Available data =
|---|
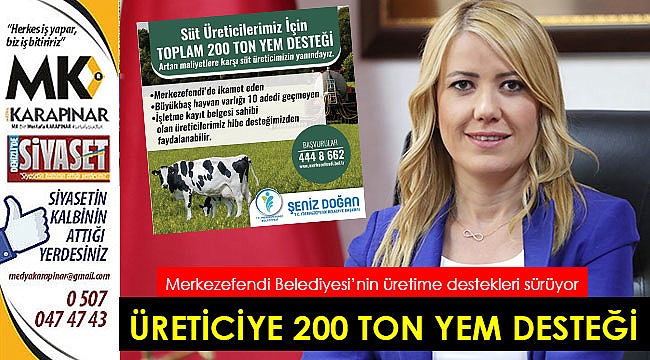 Süt üreticilerine 200 ton yem desteği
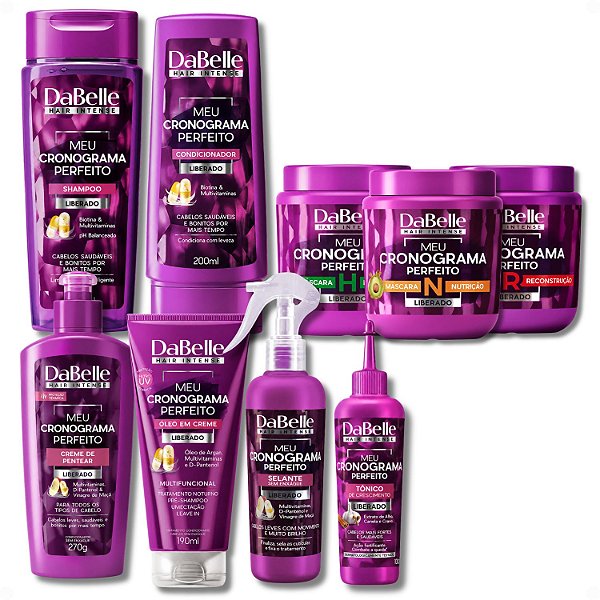 Kit Completo DaBelle Meu Cronograma Perfeito: Com Shampoo 250ml e Condicionador 200ml + Máscaras 400g e Finalizadores
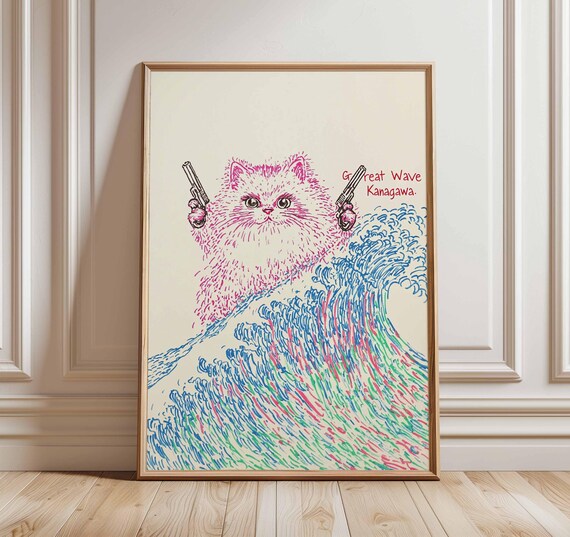 Funny Pink Cat With Twin Guns Great Wave Kanagawa Parody Poster Art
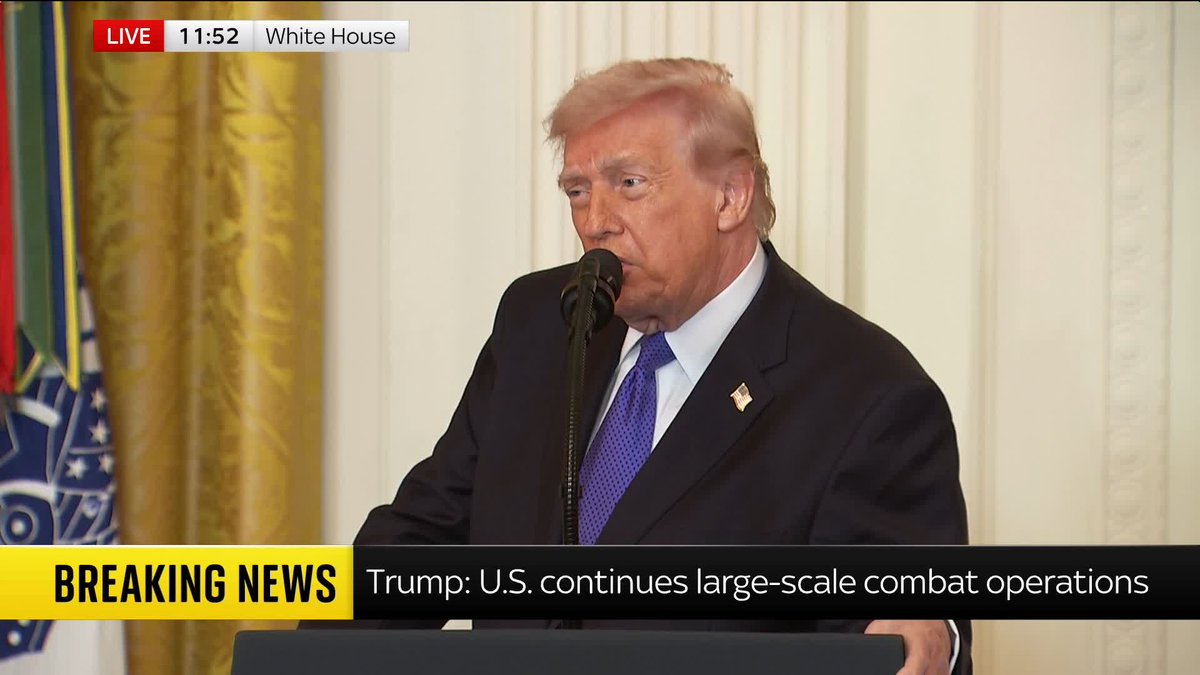 "Sick and sinister regime" U.S. President Trump outlines America's objectives regarding Iran, with their first being to "destroy their missile capability" 📺 Sky 501, Virgin 602, Freeview 233 and YouTube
|---|
Could you return the whole listing exactly, images excluded?

 Süt üreticilerine 200 ton yem desteği
 Kit Completo DaBelle Meu Cronograma Perfeito: Com Shampoo 250ml e Condicionador 200ml + Máscaras 400g e Finalizadores
 Funny Pink Cat With Twin Guns Great Wave Kanagawa Parody Poster Art
 "Sick and sinister regime" U.S. President Trump outlines America's objectives regarding Iran, with their first being to "destroy their missile capability" 📺 Sky 501, Virgin 602, Freeview 233 and YouTube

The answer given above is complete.